#### [Exercise prompt]
Print each line exactly, from the one with "Smoke billows from" to the very last line of the listing, and keep the pictures out.

#### [Data records]
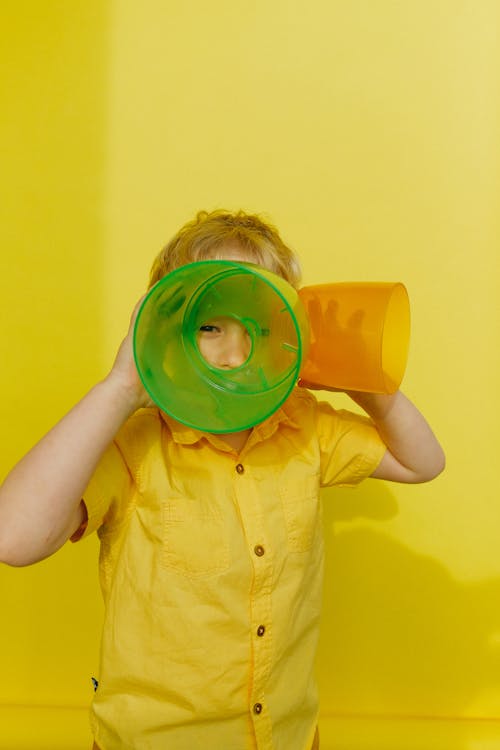 黃色按鈕的襯衫的男孩拿著綠色和橙色的塑料容器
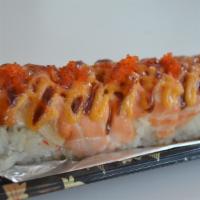 Lion King Roll (Spicy) · Imitation crab meat, avocado, topped with baked salmon, spicy sauce and mayo.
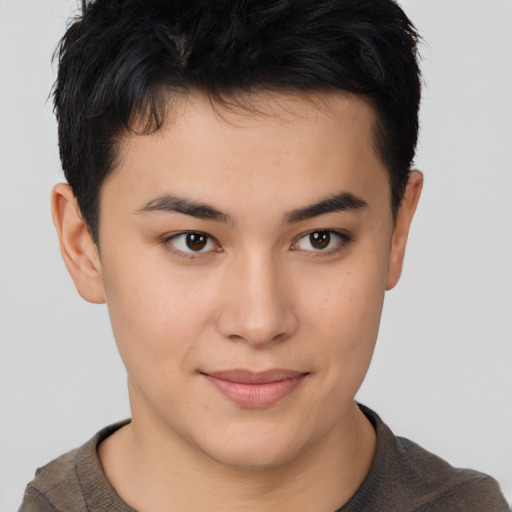 Joyful asian young-adult male with short  brown hair and brown eyes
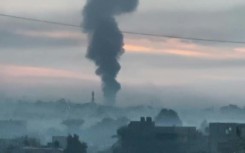 Smoke billows from Nuseirat in the central Gaza Strip after Israeli strike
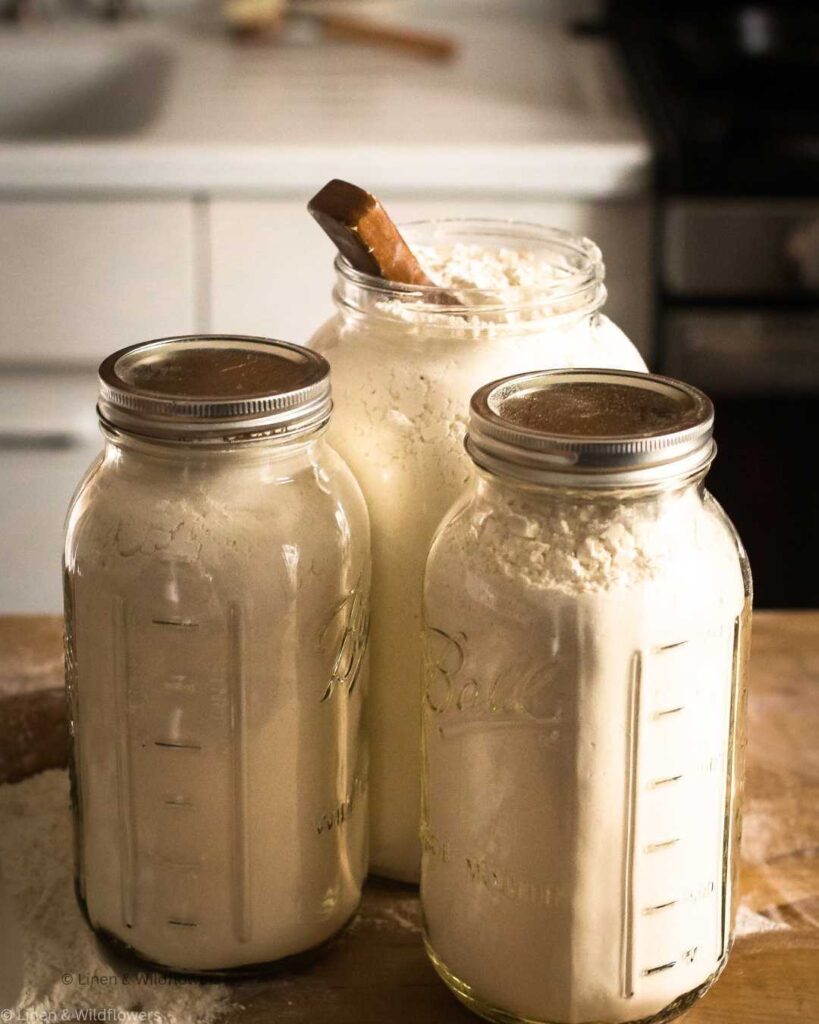 Three mason jars filled with white flour sit on a wooden table. Two have lids, and the third is open with a wooden scoop inside.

#### [Response for this exercise]
 Smoke billows from Nuseirat in the central Gaza Strip after Israeli strike
 Three mason jars filled with white flour sit on a wooden table. Two have lids, and the third is open with a wooden scoop inside.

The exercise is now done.